50 Years Ago, a SCOTUS Decision Placed a Moratorium on Executions. It’s Time to Revive it, Permanently

June 28, Rick Halperin, director of the SMD Dallas Human Rights Program, for a piece recalling a brief period 50 years ago when the U.S. was without the death penalty. Published in History News Network under the heading 50 Years Ago, a SCOTUS Decision Placed a Moratorium on Executions. It’s Time to Revive it, Permanently: https://bit.ly/3OOlj4A

Fifty years ago in 1972, as spring faded and summer arrived in late June, America (and the world) was a vastly different place.

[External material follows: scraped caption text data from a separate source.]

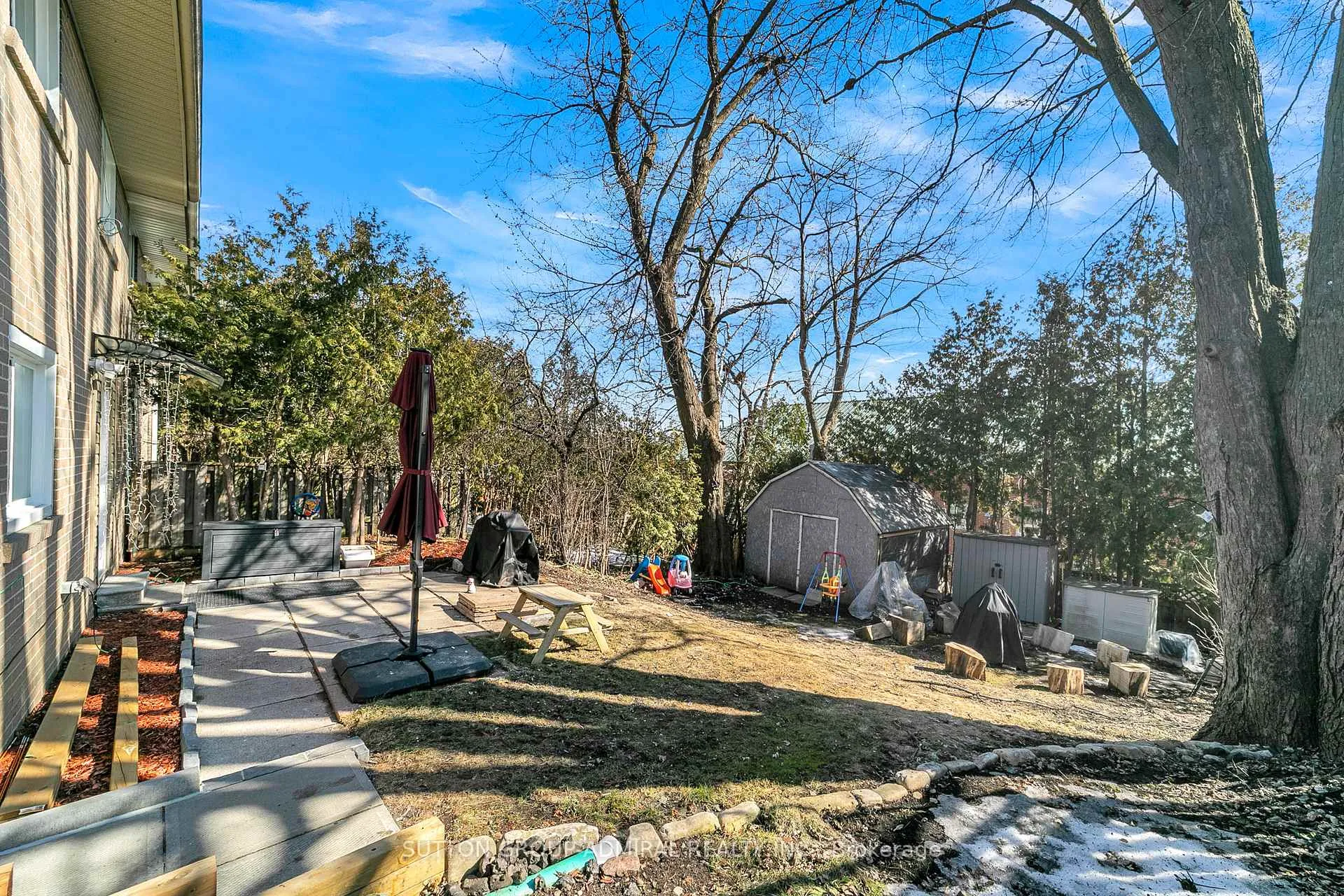 Photo 1 of 17 Jasper Drive, Aurora, Aurora Heights — HOMEH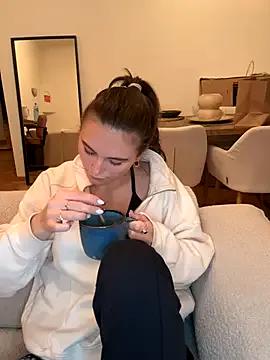 SophiiaStarr —  Shake and Smack my Butt 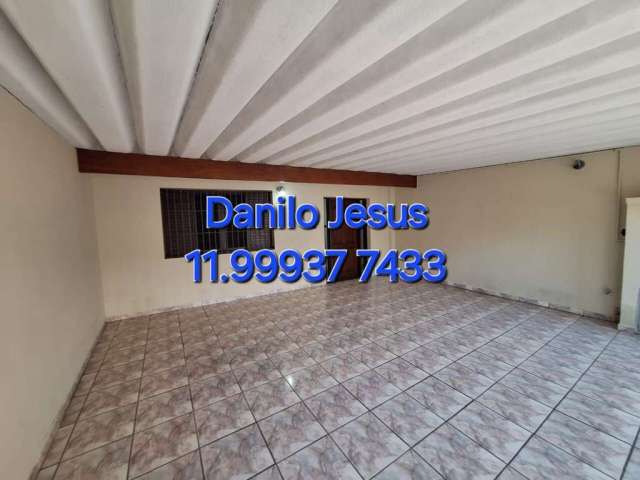 Casa térrea 2 dormitórios, 2 vagas e dois banheiros. FL51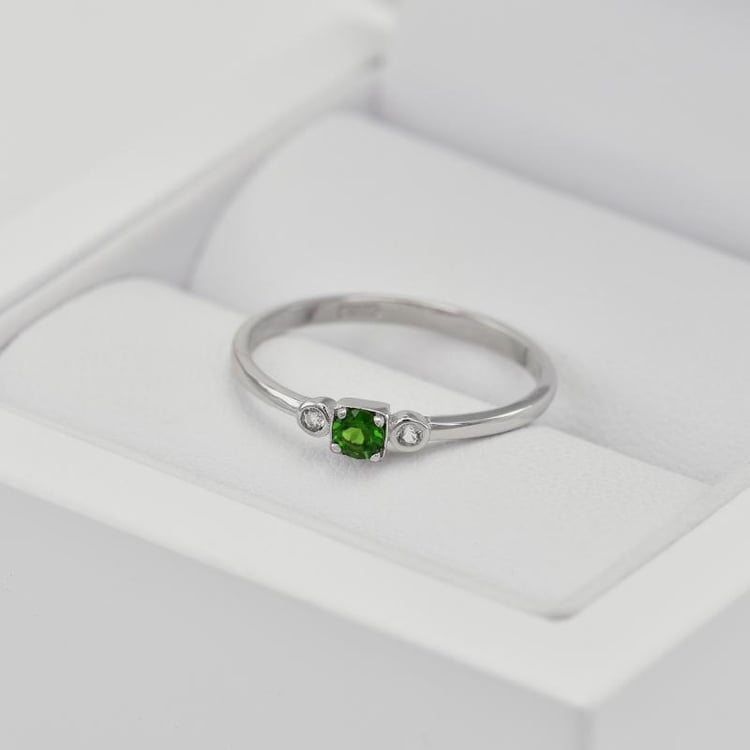 Strieborný prsteň s diopsidom 21200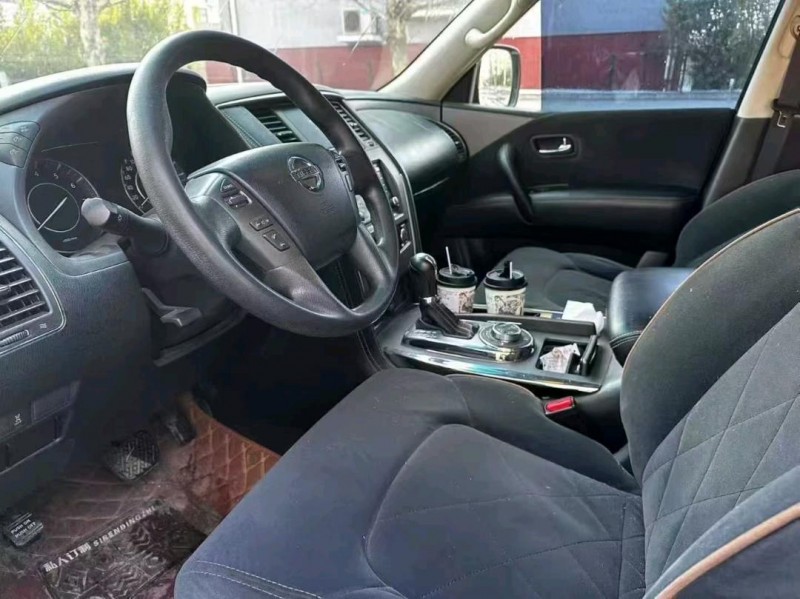 济南17年日产途乐6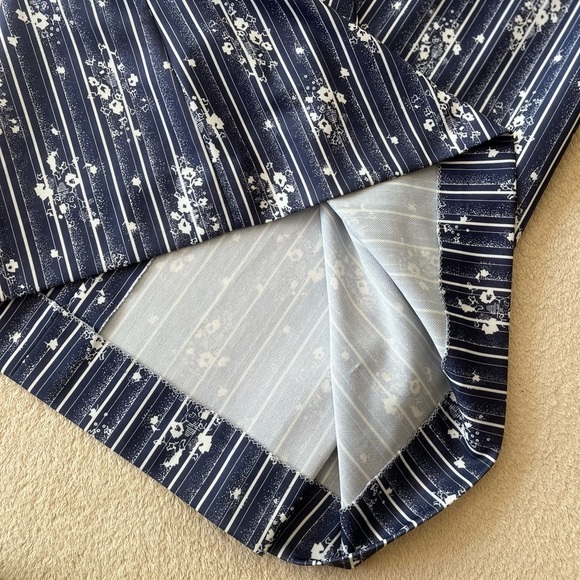 Vintage 70s Navy Floral Stripe A-Line Dress with Puff Sleeves - Picture 8 of 10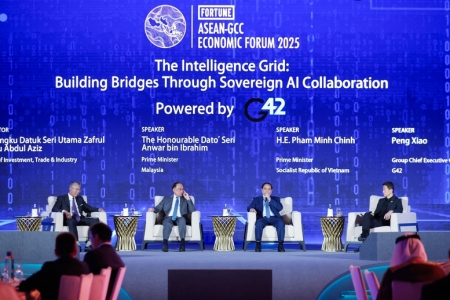 Thủ tướng: Nếu không được chuyển giao, Việt Nam vẫn phải tự chủ phát triển công nghệ cao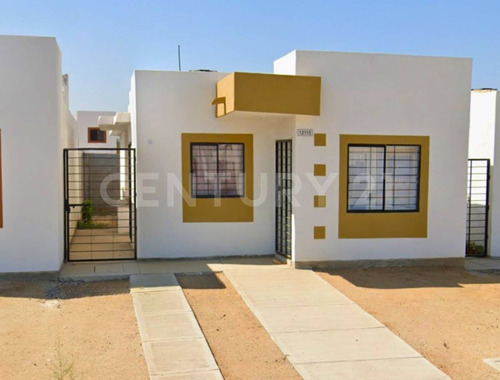 Casa En Venta En La Cantera, Mazatlán, Sinaloa.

The United States was still entangled in the quagmire of the Vietnam War, and tens, if not hundreds, of thousands of individuals still marched on city streets and on university campuses demanding an end to the bloodshed that would ultimately claim the lives of over 58,000 American soldiers and 3 million Vietnamese.

On May 15, Alabama Governor and presidential candidate George Wallace was shot (and paralyzed) by Arthur Bremer in a parking lot in Laurel, Maryland. Within 2 weeks, there would be two failed break-ins at the Watergate complex in Virginia, a crime that led to the downfall and resignation of President Richard Nixon in August 1974.